Wyatt, head for the antique stores! I think that's where I found all thre of my small barrels. I put the TNT on there myself with one of those very HUGE tipped black markers.


----------



## Wyatt Furr (Jun 5, 2006)

Thanks Dread,
I made my own faux-dynamite sticks this year,but need something to put 'em in.I will be one the lookout for those elusive barrels....


----------



## heresjohnny (Feb 15, 2006)

Nice job Dreadnight, you really nailed the pirate theme.


----------



## edwood saucer (Aug 21, 2006)

Dread - great theme for a display. Those three guys are the ugliest pirates I've ever seen.

Just kidding.


----------



## krough (Oct 7, 2004)

Awesome cannon


----------



## SpectreTTM (Aug 22, 2005)

Great Display Dread.

Looking forward to more photos.


----------



## pyro (Oct 7, 2006)

what a great idea-love the theme looks so real


----------



## ghostie (May 15, 2006)

Nice haunt! I've been looking forward to seeing your final pics for a long time! You're so unique, Love it!!! Glad the weather behaved for you...are you going to stay with the same theme next year? Or change it...?


----------



## Dreadnight (Jul 9, 2006)

Thanks Ghostie. Plan to go with the Pirates one more year, since another POC movie will be out this summer. Then.... the Dreadnight Cemetery will return, but very re-vamped (think Pumpkinrot style)!


----------



## Wyatt Furr (Jun 5, 2006)

Dread,
Glad to hear its Pirates for another year.I look forward to your pics.
If I havent said before,your artistry and composition of your theme is excellent. 
Great job.
Maybe a trip to So.Cal. is in order for me next October, to see it in person.


----------



## Dreadnight (Jul 9, 2006)

Wyatt - By all means, if you can make it, do! You'll get the full-blown VIP tour. While you're out here, you could make a pass at Knott's Scary Farm....something everyone should see at least once...


----------



## slimy (Jul 12, 2006)

I looked at this yesterday and thought it was very cool. I honestly thought I posted a 'good job' style comment. I need more sleep. 

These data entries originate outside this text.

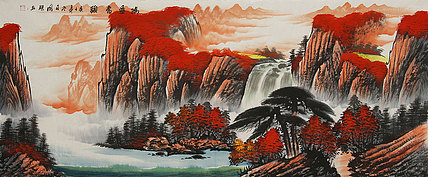 小六尺山水&mdash;&mdash;画家周国耀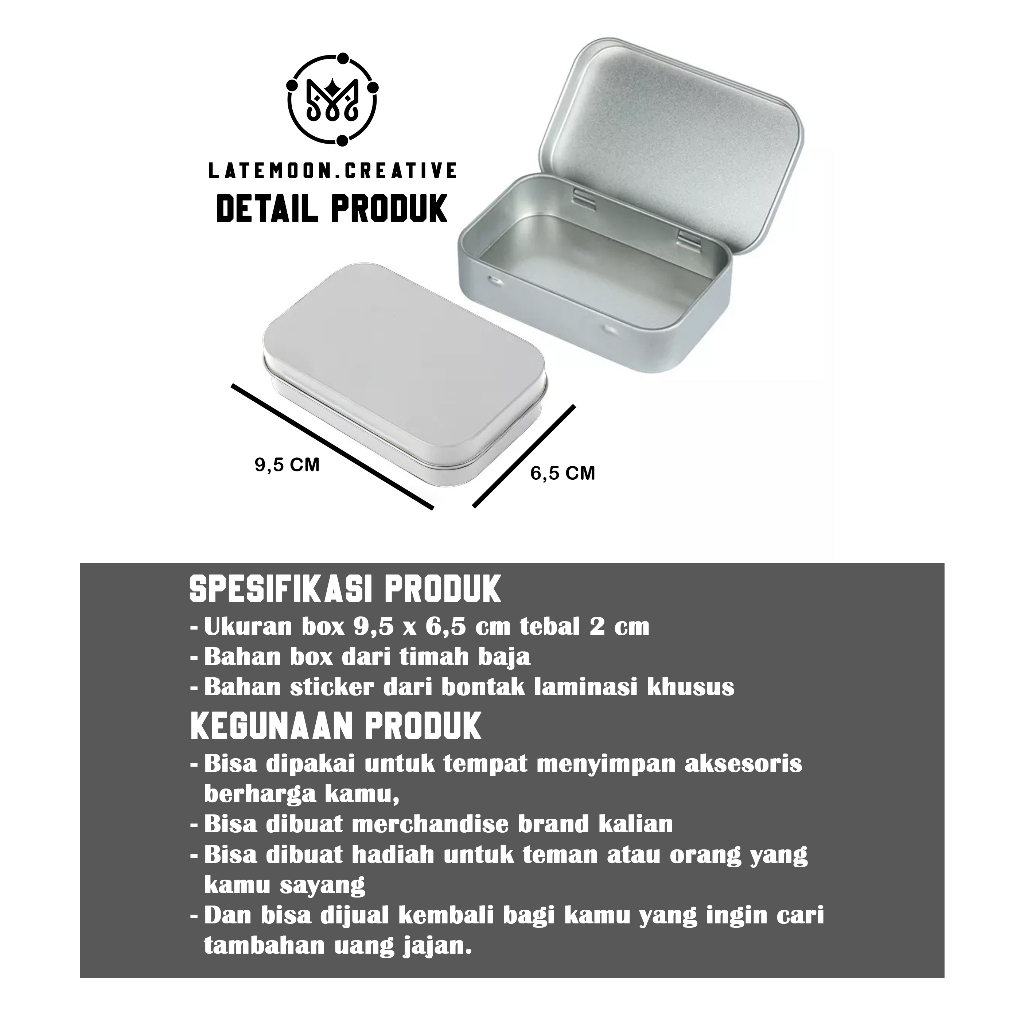 ( BISA COD ) TIN BOX SILVER HINGES POLOS UK 9,5 X 6 CM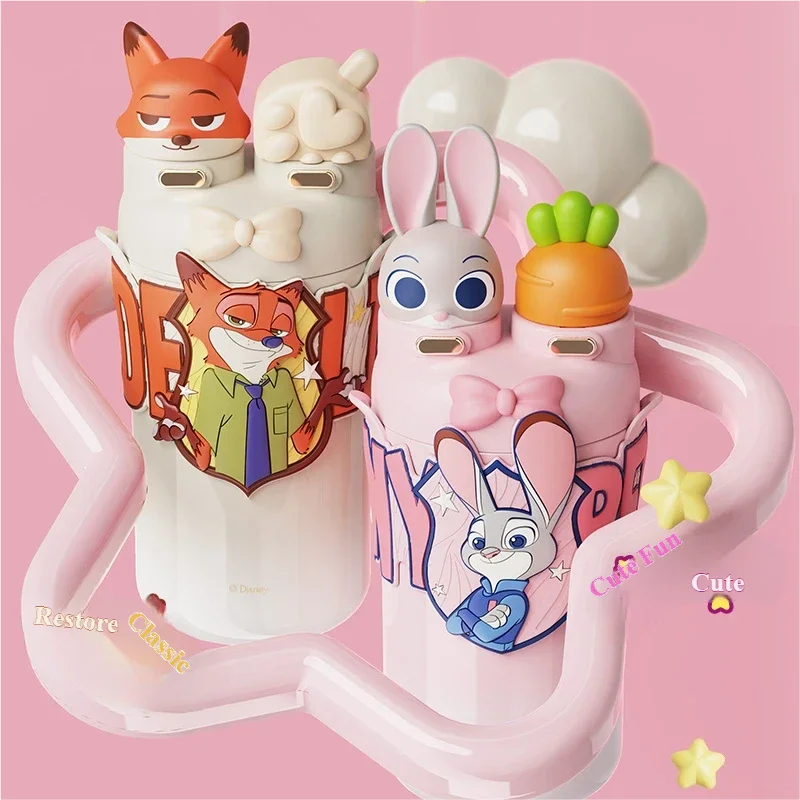 Disney Nice/Judy Double Drink Thermosbecher, 550 ml, Edelstahl-Vakuumflasche, tragbar, säure- und alkalibeständig, umweltfreundlich Image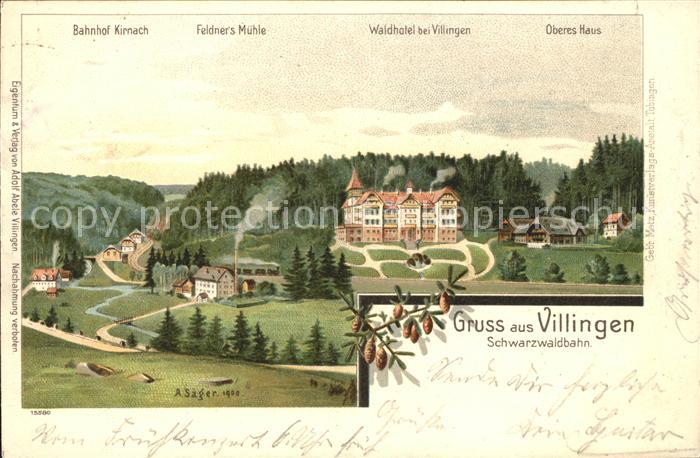 Villingen-Schwenningen Schwarzwaldbahn Waldhotel Feldner's Muehle Litho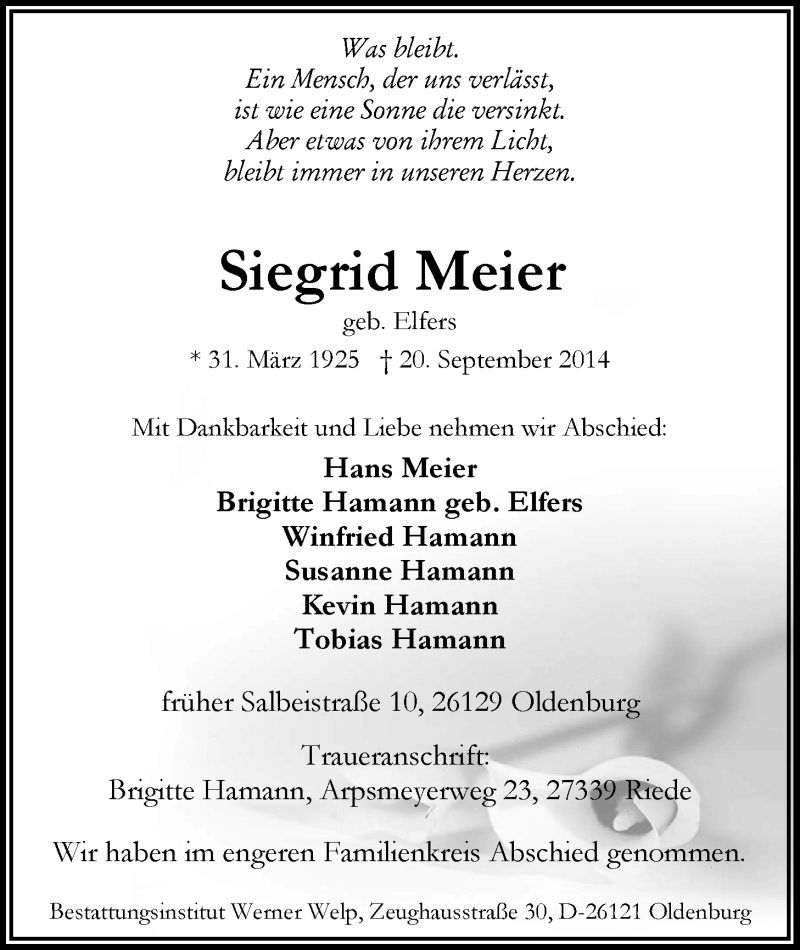  Traueranzeige für Siegrid Meier vom 27.09.2014 aus Nordwest-Zeitung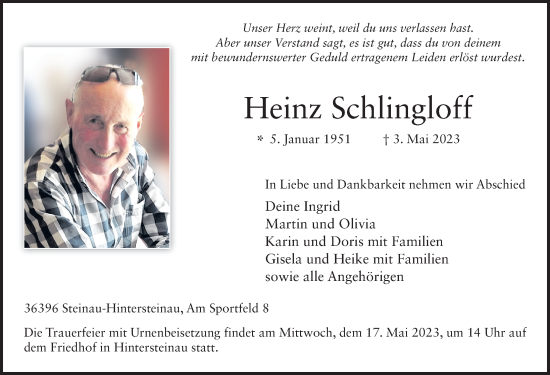Traueranzeige von Heinz Schlingloff von FZ
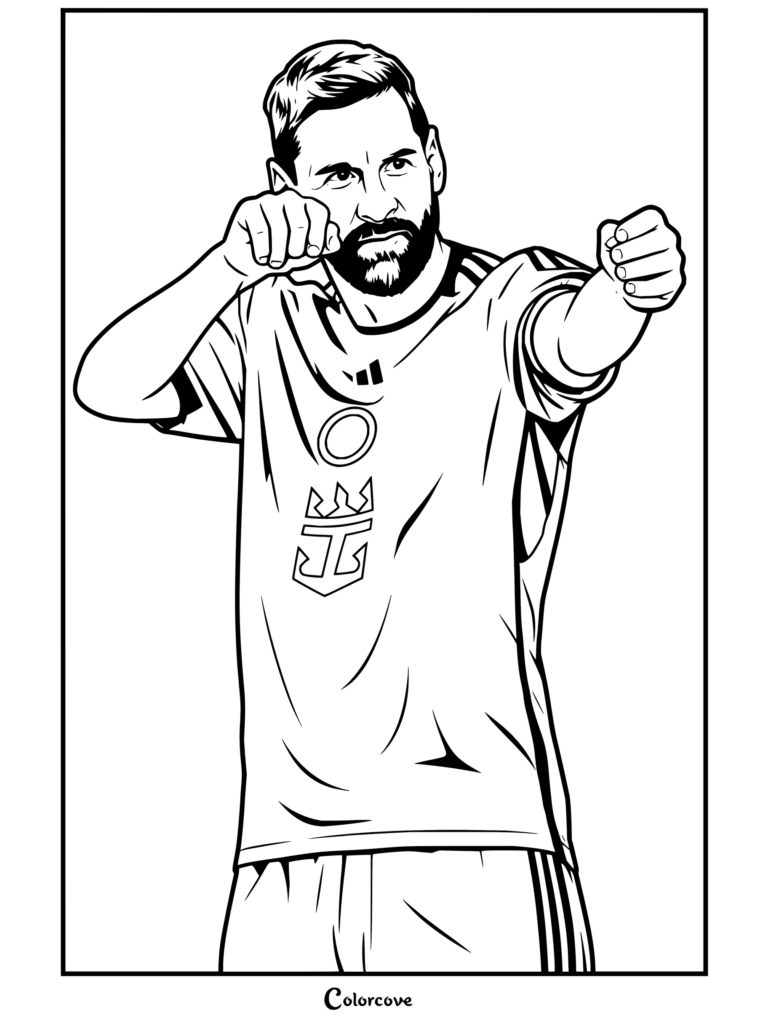 Coloriage façon dessin animé de Lionel Messi en maillot rose de l'Inter Miami, célébrant les poings levés sur fond de ciel bleu et de nuages.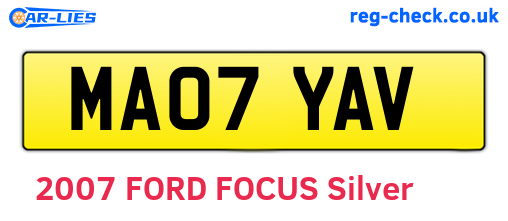 MA07YAV are the vehicle registration plates.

Great job by the way. The cannon is my favorite.


----------



## Vlad (Aug 2, 2005)

Just fantastic work Dreadnight. I think the paint job on the cannon was my favorite. I can't wait to see next years, but hope you keep it in Dreadnight style, you can't beat it.


----------



## dynoflyer (Oct 8, 2006)

Great looking haunt!!


----------